The Annex was subdivided in the 1870's and 1880's. It immediately became one of Toronto's elite neighbourhoods, whose first residents included the likes of Timothy Eaton and George Gooderham, president of the Gooderham and Worts Distillery. The Annex's Golden Era lasted until the 1920's, when the upper classes began to migrate northward to newer, more fashionable suburbs in Forest Hill and Lawrence Park.
The Annex has endured and is now over one hundred years old. It remains one of Toronto's premier neighbourhoods, drawing its energy from the University of Toronto and its strength from diversity. Its residents include prominent artists and writers such as Margaret Atwood, politicians, community leaders and successful business people, academics, media personalities, University of Toronto students and faculty, and people from all walks of life.

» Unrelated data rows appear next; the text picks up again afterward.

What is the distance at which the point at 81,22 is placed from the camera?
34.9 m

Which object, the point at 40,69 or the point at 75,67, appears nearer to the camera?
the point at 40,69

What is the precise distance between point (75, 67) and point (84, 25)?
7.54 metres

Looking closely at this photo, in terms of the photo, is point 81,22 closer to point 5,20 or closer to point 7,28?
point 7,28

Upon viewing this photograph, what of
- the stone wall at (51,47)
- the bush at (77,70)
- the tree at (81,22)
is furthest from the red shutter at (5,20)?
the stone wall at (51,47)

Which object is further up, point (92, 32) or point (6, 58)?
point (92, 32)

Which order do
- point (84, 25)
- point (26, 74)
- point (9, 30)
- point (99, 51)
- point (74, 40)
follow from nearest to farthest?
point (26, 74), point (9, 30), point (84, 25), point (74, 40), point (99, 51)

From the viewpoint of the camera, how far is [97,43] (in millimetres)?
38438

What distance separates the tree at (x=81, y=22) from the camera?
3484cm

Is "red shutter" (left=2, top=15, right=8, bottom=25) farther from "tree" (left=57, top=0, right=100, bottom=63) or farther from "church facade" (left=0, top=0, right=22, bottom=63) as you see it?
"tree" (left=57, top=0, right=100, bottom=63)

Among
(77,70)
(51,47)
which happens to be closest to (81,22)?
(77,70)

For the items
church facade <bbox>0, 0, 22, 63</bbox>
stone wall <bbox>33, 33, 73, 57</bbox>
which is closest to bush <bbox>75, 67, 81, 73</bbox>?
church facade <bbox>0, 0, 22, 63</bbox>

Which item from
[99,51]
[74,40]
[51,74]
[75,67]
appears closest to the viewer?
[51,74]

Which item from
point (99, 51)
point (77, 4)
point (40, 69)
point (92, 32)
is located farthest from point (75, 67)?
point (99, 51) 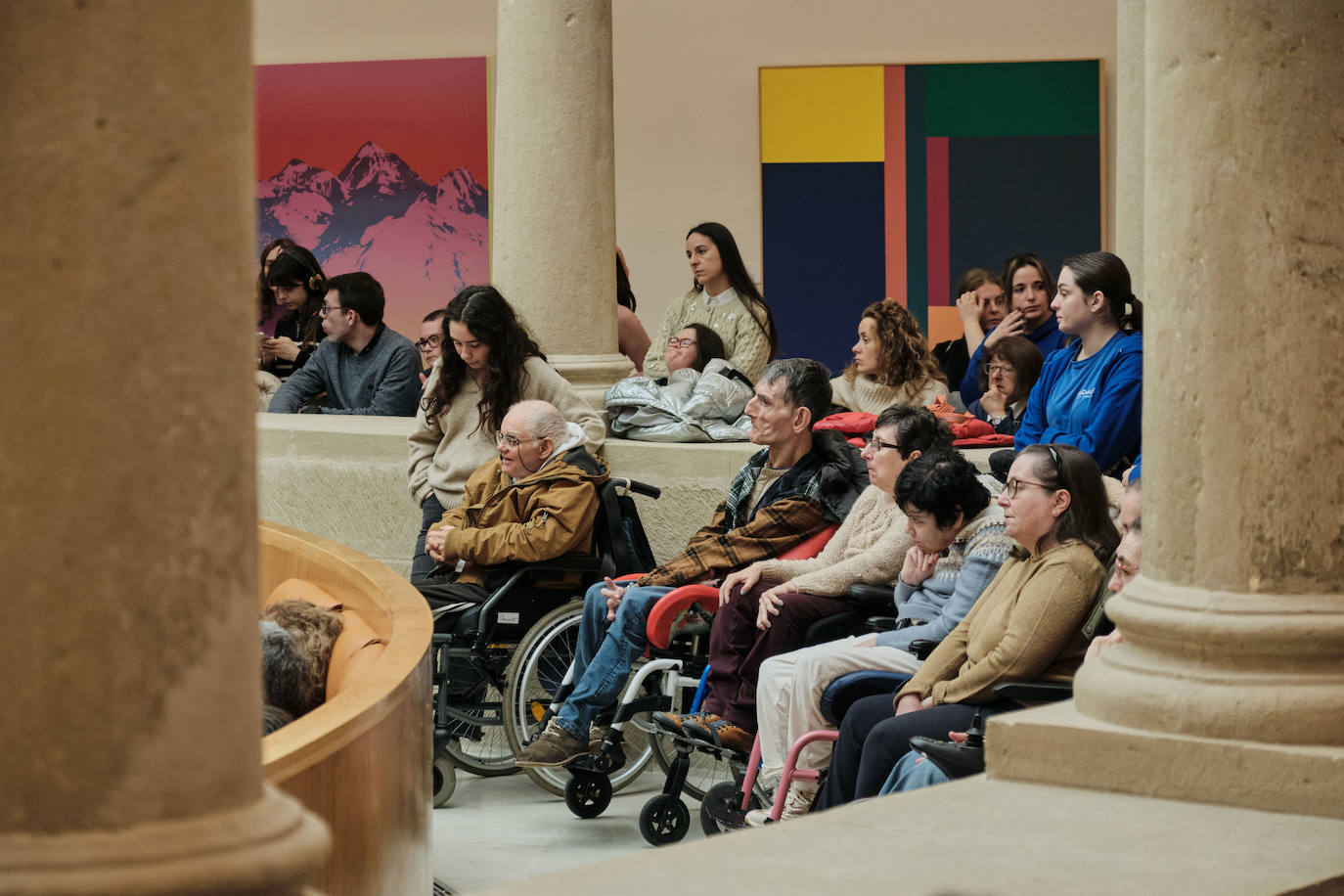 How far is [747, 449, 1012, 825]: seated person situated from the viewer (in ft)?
13.4

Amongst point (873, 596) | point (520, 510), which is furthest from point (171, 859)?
point (520, 510)

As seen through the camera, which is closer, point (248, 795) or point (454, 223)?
point (248, 795)

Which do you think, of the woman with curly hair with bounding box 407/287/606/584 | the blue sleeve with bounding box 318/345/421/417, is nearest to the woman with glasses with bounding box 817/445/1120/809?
the woman with curly hair with bounding box 407/287/606/584

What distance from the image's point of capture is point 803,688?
13.5ft

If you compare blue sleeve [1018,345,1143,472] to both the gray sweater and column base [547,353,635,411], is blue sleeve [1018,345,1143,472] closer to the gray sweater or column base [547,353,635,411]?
column base [547,353,635,411]

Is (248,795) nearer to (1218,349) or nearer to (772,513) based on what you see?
(1218,349)

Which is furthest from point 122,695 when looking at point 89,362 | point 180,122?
point 180,122

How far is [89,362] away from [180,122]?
0.67ft

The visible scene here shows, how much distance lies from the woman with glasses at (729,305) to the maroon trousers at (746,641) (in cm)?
183

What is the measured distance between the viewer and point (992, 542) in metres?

The 1950s and 1960s saw the replacement of some homes and mansions with mid-rise and a handful of high-rise apartment buildings in the International style. These were surrounded with landscaped green spaces in an attempt to better fit into the neighbourhood. But thanks to the Government freeze of development in 1975 for any buildings higher than 45 feet, most of the homes have been unscathed. Because of its proximity to the university, the Annex has a high rate of seasonal tenant turnover, and its residents range from university students to older long-time residents. The Annex is by far the leader in diversity when compared to other city neighbourhoods in Canada, and arguably the United States too. The neighbourhood has a thriving cultural scene.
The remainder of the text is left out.